Sarasota Bay Estuary Program Executive Director Dave Tomasko weighed in on possible factors that could account for a slow fishing season.
“There have been quite a few recent hits to our water quality along with those living resources that depend on adequate water quality,” Tomasko wrote in a Dec. 26 email to The Sun.
He said Sarasota Bay was impacted by four events that adversely affected the bay.
“In June, we had the highest amount of hourly rainfall on record (going back 50 years) due to a tropical wave (not even an organized storm),” he wrote. “The amount of rainfall was thought to be so rare as to only occur every 500 years or so.”
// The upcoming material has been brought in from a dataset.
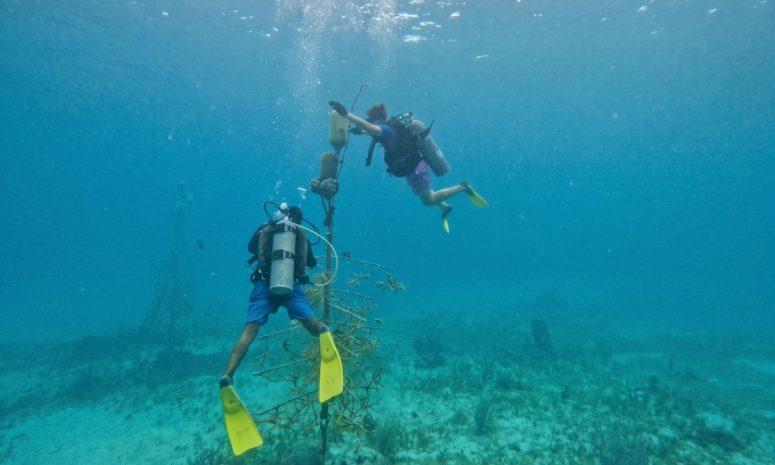 Restauran mil 500 fragmentos de coral en Chankanaab e invitan a voluntarios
Tomasko wrote that in August there was another “one in 100-year” rainfall event during Hurricane Debby, which caused widespread flooding in Manatee and Sarasota counties.
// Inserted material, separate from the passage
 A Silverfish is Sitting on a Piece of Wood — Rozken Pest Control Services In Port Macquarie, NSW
“In September, we had Hurricane Helene, which gave us the biggest storm surge recorded in Sarasota and Tampa Bay’s history – in most places,” he wrote. “Then, in October, we had a Category 3 hurricane (Milton) hit us. Those storms brought us massive amounts of stormwater runoff, particularly that June rain event, and then with Debby.”
Tomasko noted that in 2024, there was more rainfall than average in a series of intense storms.
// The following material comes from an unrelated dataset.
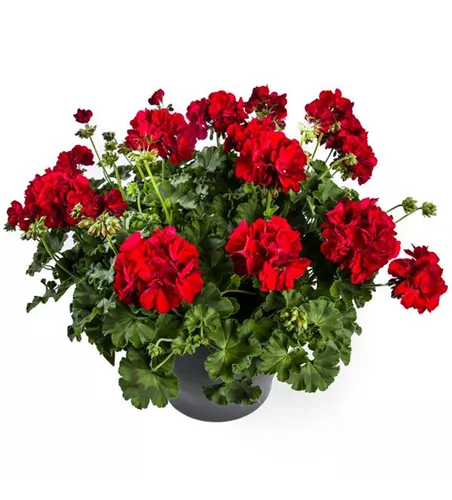 Pelargonium Calliope® 'Dark Red'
“That may be indicative of conditions that are more likely to occur over the next 30 years than was the case in the last 30 years,” he wrote. “Our air is warmer now and so is our water temperature. Both of those are expected to produce conditions that are more likely to cause intensification of tropical weather. Which means we need to get our wastewater and stormwater infrastructure to be more resilient to a changing climate, because summers like 2024 are more likely to occur over the next few decades than was the case in the last few decades.”